**REQUIRED WORK**
Between the line containing "China Scratch Proof" and the line containing "Куртка Viverra Softshell" lies a run of lines; give that run again exactly, with both of those lines, and nothing else from the entries below.

**DATA**
%%

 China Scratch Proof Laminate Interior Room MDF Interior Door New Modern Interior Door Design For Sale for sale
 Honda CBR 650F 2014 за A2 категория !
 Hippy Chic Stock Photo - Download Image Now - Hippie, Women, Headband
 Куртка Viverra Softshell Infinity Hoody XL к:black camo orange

%%
%%

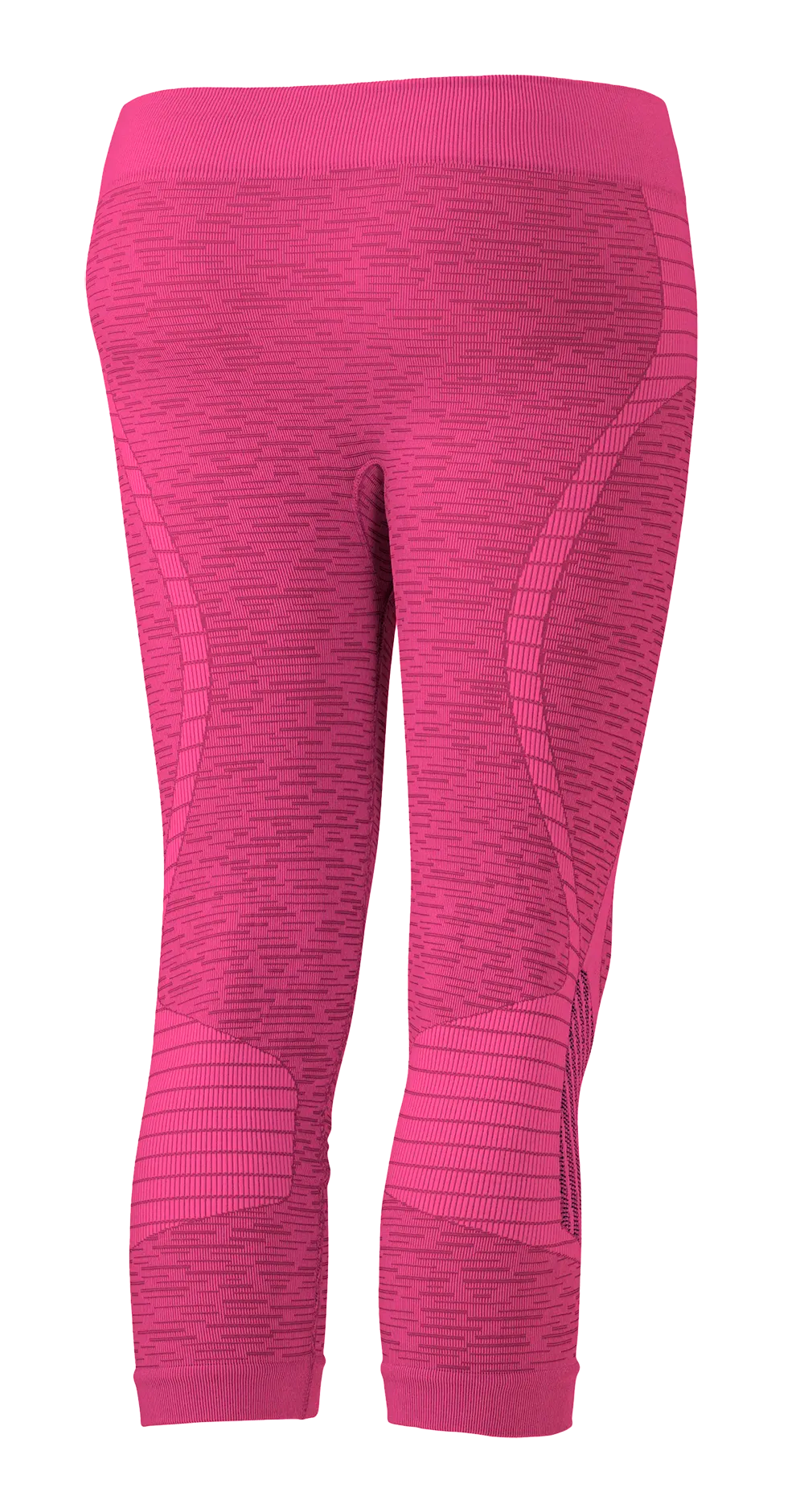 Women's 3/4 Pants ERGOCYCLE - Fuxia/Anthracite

%%

**EXERCISE RESULT**
 China Scratch Proof Laminate Interior Room MDF Interior Door New Modern Interior Door Design For Sale for sale
 Honda CBR 650F 2014 за A2 категория !
 Hippy Chic Stock Photo - Download Image Now - Hippie, Women, Headband
 Куртка Viverra Softshell Infinity Hoody XL к:black camo orange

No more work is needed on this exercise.